Initially i came across Game Film FX which seemed like a winner. Until the rental cost of the units became just half the cost of the budget. The purchasing of the "Fire" Film FX strips being close more then 400$ and being considered expendables by the rental houses. 600 dollars for x5, @ a 1 week rental plus the cost of Film FX we can't use again seemed bonkers.

So then i started thinking GAM twinspins. Gobos we could use again in standard gobo holders. Maybe they are more reasonably priced for rental as well? I realize we'd bee need 2 gobos each (10 total.) 

Does anyone have any gobo combinations for twins spins that are passable for "fire"/"armageddon" on stage.

Any suggestions that may be passable that would be cheaper.

Looking for an effect solution under 250$


----------



## sk8rsdad (Nov 14, 2013)

http://www.apollodesign.net/Support/CreativeFX/Effect.aspx?ID=7
http://www.apollodesign.net/Support/CreativeFX/Effect.aspx?ID=30

There are probably a few ideas over at Rosco's Youtube channel:
http://www.youtube.com/user/RoscoEffects/videos


----------



## NickVon (Nov 14, 2013)

I got send this link by Luke Kanter, over at Rosco/GAM 
Was basicly exactly what I was looking for.
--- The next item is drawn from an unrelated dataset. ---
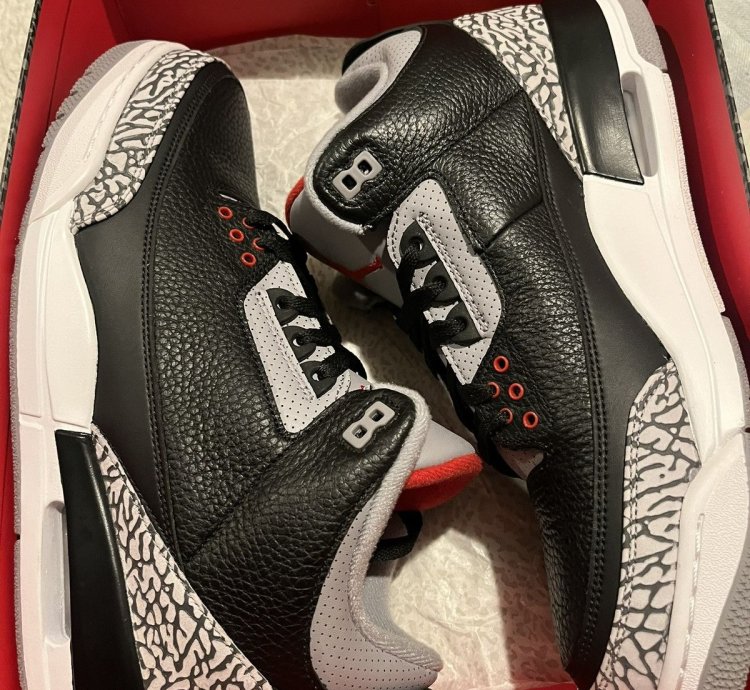 Air Jordan 3 Black Cement 2018 Size 11 5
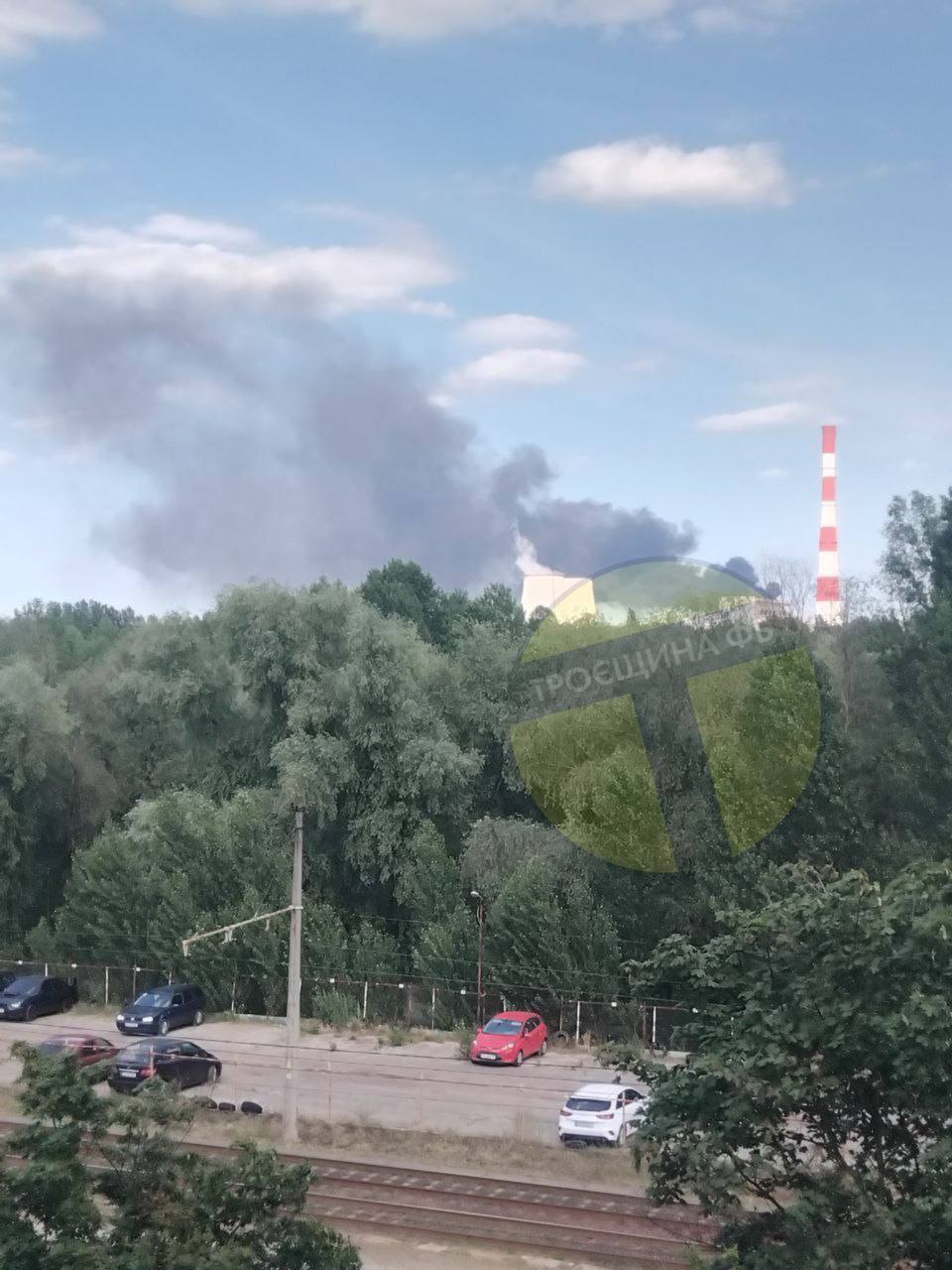 В Киеве на Троещине произошел мощный взрыв возле ТЭЦ, на нескольких улицах пропал свет: какая причина. Все подробности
Thanks to Sk8rsdad as well for those links, also great resources.

http://www.gamonline.com/catalog/recipe/twinspin/fireeffects.php


----------



## brownnathanial (Nov 17, 2013)

Thanks for posting that link Nick, Now we are looking into getting one of these for our theater.


----------



## NickVon (Nov 25, 2013)

We ended up renting the Apollo "smart move" DMX from our local rental house as we got a better deal on them then the GAM equivalent. The Effect worked great for our purposes. I used the top most effect in the link. In Hindsight, i might go with something a little more open patternwise for the rotational one. Or if budget permitted the 3 gobo solution for a front facing fire effect, as with only rotational you got more "swirling flames" rather then crackling. First link could work excellent as a back light fire effect or a Top down.


----------